Supercongruences involving binomial coefficients and Euler polynomials

TL;DR

This paper proves new supercongruences involving binomial coefficients and Euler polynomials modulo prime squares, extending previous results and providing explicit formulas for sums related to binomial coefficients and Euler polynomials.

Contribution

It establishes novel supercongruences for binomial coefficient sums involving Euler polynomials, generalizing known congruences and extending the scope of supercongruence results.

Findings

Proves supercongruences modulo p^2 for specific binomial sums.

Extends known results to new cases involving Euler polynomials.

Provides explicit congruences for sums of binomial coefficients with rational functions.

Abstract

Let $p$ be an odd prime and let $x$ be a $p$-adic integer.

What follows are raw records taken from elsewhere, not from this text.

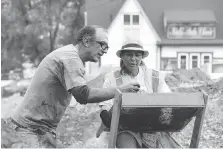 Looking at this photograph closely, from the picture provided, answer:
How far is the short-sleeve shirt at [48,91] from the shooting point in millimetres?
4277

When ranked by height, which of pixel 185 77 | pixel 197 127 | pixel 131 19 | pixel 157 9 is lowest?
pixel 185 77

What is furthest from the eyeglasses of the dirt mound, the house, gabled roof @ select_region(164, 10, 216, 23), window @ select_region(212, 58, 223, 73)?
gabled roof @ select_region(164, 10, 216, 23)

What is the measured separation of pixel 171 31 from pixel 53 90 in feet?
103

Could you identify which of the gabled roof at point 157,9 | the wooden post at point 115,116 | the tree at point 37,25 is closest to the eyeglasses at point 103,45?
the wooden post at point 115,116

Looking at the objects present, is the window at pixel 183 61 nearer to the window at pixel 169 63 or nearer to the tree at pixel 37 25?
the window at pixel 169 63

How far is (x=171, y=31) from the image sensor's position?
116 feet

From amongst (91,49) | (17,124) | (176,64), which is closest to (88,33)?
(91,49)

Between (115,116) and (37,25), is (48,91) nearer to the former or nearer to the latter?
(115,116)

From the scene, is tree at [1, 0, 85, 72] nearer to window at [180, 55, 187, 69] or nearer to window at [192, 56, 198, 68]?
window at [180, 55, 187, 69]

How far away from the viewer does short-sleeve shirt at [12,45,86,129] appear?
4277mm

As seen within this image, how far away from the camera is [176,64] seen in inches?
1351

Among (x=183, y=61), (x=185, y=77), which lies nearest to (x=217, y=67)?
(x=185, y=77)

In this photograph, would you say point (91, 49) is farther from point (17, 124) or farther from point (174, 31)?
point (174, 31)

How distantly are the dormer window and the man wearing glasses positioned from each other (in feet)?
101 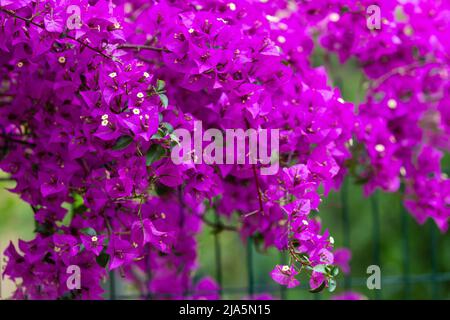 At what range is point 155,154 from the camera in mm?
1146

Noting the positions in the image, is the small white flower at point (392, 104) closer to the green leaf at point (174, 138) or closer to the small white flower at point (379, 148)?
the small white flower at point (379, 148)

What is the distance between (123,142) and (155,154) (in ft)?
0.20

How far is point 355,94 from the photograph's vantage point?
11.5ft

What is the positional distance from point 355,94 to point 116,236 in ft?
8.36

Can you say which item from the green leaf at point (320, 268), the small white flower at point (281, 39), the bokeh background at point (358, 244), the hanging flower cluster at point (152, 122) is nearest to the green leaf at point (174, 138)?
the hanging flower cluster at point (152, 122)

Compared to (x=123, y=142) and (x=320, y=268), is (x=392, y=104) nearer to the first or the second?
(x=320, y=268)

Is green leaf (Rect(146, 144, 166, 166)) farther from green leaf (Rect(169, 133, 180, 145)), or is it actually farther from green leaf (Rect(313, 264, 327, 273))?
green leaf (Rect(313, 264, 327, 273))

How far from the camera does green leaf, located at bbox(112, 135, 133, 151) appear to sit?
113 centimetres

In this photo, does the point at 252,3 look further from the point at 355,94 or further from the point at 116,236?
the point at 355,94

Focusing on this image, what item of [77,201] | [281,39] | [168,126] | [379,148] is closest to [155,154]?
[168,126]

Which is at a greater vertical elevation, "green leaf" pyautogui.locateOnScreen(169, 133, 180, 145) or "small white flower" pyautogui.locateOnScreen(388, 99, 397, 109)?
"small white flower" pyautogui.locateOnScreen(388, 99, 397, 109)

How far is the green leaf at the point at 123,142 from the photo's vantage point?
1.13 metres

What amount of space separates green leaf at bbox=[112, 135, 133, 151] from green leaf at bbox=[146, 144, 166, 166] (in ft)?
0.14

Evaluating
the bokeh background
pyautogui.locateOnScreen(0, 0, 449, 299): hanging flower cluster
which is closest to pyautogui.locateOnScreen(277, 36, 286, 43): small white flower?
pyautogui.locateOnScreen(0, 0, 449, 299): hanging flower cluster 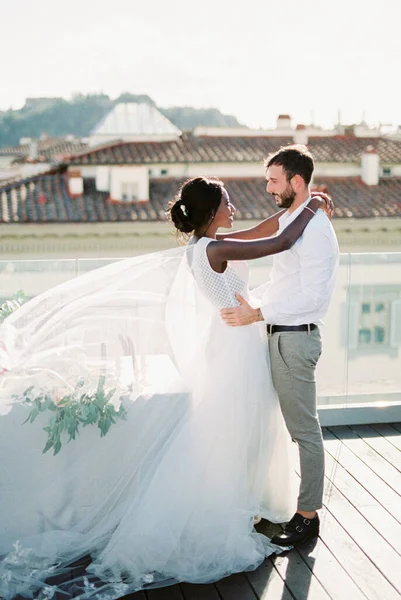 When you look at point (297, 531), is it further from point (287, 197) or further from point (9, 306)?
point (9, 306)

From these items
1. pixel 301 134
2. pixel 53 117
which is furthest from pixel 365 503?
pixel 53 117

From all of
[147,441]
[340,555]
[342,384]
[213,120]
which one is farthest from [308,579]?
[213,120]

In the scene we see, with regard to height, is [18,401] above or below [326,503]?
above

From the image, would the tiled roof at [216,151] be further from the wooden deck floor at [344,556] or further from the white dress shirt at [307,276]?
the white dress shirt at [307,276]

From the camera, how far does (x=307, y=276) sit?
104 inches

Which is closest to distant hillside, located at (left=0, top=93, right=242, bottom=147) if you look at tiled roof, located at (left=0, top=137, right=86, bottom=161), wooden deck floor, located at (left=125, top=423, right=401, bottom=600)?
tiled roof, located at (left=0, top=137, right=86, bottom=161)

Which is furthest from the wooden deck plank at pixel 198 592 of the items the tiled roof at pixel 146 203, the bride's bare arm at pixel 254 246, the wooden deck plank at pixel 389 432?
the tiled roof at pixel 146 203

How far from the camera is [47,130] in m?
42.5

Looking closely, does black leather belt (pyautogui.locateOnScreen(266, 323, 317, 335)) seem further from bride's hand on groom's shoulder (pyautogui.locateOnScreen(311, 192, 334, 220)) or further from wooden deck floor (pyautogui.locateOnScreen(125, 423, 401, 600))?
wooden deck floor (pyautogui.locateOnScreen(125, 423, 401, 600))

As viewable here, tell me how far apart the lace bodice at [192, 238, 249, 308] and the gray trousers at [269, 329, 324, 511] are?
22 centimetres

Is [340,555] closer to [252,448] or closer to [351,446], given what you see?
[252,448]

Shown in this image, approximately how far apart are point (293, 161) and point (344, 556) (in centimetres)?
139

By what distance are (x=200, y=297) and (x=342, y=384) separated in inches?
70.7

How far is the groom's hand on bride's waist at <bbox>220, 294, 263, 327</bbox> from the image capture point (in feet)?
8.70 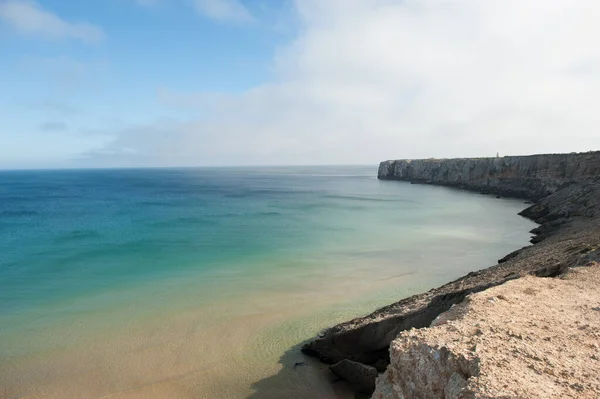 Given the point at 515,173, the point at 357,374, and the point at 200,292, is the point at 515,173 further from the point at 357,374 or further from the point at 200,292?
the point at 357,374

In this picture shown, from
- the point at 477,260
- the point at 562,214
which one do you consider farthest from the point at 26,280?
the point at 562,214

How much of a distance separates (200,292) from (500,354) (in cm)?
1542

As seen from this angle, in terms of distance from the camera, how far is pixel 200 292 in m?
19.0

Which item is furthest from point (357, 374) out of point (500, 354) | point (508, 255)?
point (508, 255)

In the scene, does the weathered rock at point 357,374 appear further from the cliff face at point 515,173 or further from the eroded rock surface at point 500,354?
the cliff face at point 515,173

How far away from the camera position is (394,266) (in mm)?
23734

In this paper, we establish supercongruences for $$ \sum_{k=0}^{p-1}\frac{\binom{x}{k}\binom{x+k}{k}(-4)^k}{(dk+1)\binom{2k}{k}}\pmod{p^2} $$ and $$ \sum_{k=0}^{p-1}\frac{\binom{x}{k}\binom{x+k}{k}(-2)^k}{(dk+1)\binom{2k}{k}}\pmod{p^2}, $$ where $d\in\{0,1,2\}$. As consequences, we extend some known results. For example, for $p>3$ we show $$ \sum_{k=0}^{p-1}\binom{3k}{k}\left(\frac{4}{27}\right)^k\equiv\frac19+\frac89p+\frac{4}{27}pE_{p-2}\left(\frac13\right)\pmod{p^2}, $$ where $E_n(x)$ denotes the Euler polynomial of degree $n$. This generalizes a known congruence of Z.-W. Sun.